The ECB has just gone over the €1 trillion threshold with its securities purchases under its quantitative easing programme, but the impact on inflation and growth seems to be negligible.

We can't say that because where would inflation be without our policy? Let's not underestimate the critical situation we found ourselves in. Our monetary policy has been essential to avoid a severe recession. At the start of the crisis in 2007-2008, a huge gap opened up between long-term expectations, based on an assumption of high growth rates, and harsh reality. Exaggerated expectations led to excessive indebtedness. We are experiencing the correction of this overborrowing. Thanks to our standard and non-standard monetary policy measures, such as our public debt purchases, the situation is starting to return to normal.

This ultra-accommodative policy ends in principle in March 2017. Will you stop at this deadline?

Our monetary policy objective is to return inflation to levels below, but close to, 2% over the medium term. We will maintain the very substantial amount of monetary support necessary to fulfil our mandate. Our monthly asset purchases to the tune of €80 billion should continue until the end of March 2017 or beyond, if necessary, and in any case until we see a sustainable adjustment in inflation in line with our objective.

When considering the potential risks to growth, are you including the possible election of Donald Trump in the United States with a protectionist programme?

It's important to distinguish between election speeches and actual policies.
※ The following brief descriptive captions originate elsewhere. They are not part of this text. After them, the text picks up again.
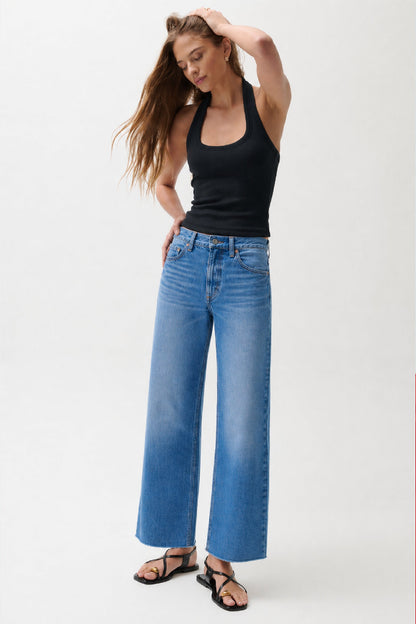 Lana Crop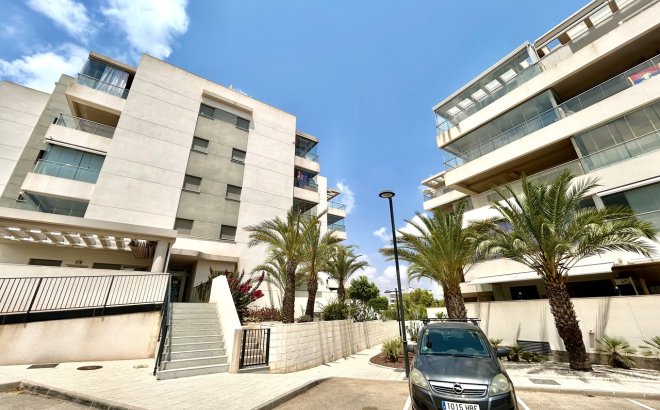 Penthouse - Resale - Los Dolses - Inland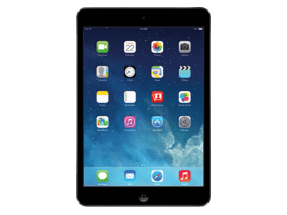 iPad mini (WiFi)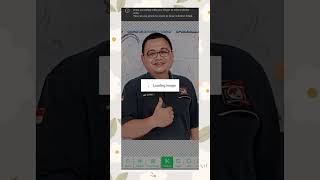 Cara Membuat Stiker WhatsApp menggunakan foto kita screenshot 4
Speeches today are tending to be increasingly national and protectionist, and not only in the United States. Currently, people are seeing the negative side of globalisation more than the positive. This erosion of trust in the importance of international trade is worrying and may hinder the spread of ideas and know-how which is essential for growth. For years, the consequences of globalisation for some segments of the population have been underestimated - supporting policies are necessary.

Another potential risk for growth - if Matteo Renzi were to lose his referendum this autumn in Italy, should we fear a new euro area crisis?

In Italy, like in France or in other countries, the problem is convincing the population that reforms are vital for prosperity, and then implementing these reforms. The Italian government has undertaken some major reforms. Pension reform, for example, has greatly improved the sustainability of pensions.

European banks are complaining about your negative deposit rates. Can you reassure them that you won't go any further into negative territory?

We are aware that the interest rate configuration may be difficult for banks. But it is a part of their environment to which they have to adjust. We should also remember that a large part of the problem arises from an unrestrained financial system which has indulged in excess. The favourable financing conditions, supported by our very accommodative monetary policy, have greatly facilitated balance sheet adjustments in various sectors of the economy, including the financial sector.

Bankers must carefully consider their business models. Some banks have adopted a good attitude - they realise they are in a difficult environment and that they have to manage it. How long will this situation last? Some market participants fear that our rate configuration could remain unchanged for a very long time, e.g. for ten years. Personally, I think that we shouldn't be overly pessimistic.

Don't you believe in secular stagnation?

No. We face serious adjustment difficulties, which stem from the slowdown in productivity, but this slowdown can be managed by structural reforms. Secular stagnation is not inevitable.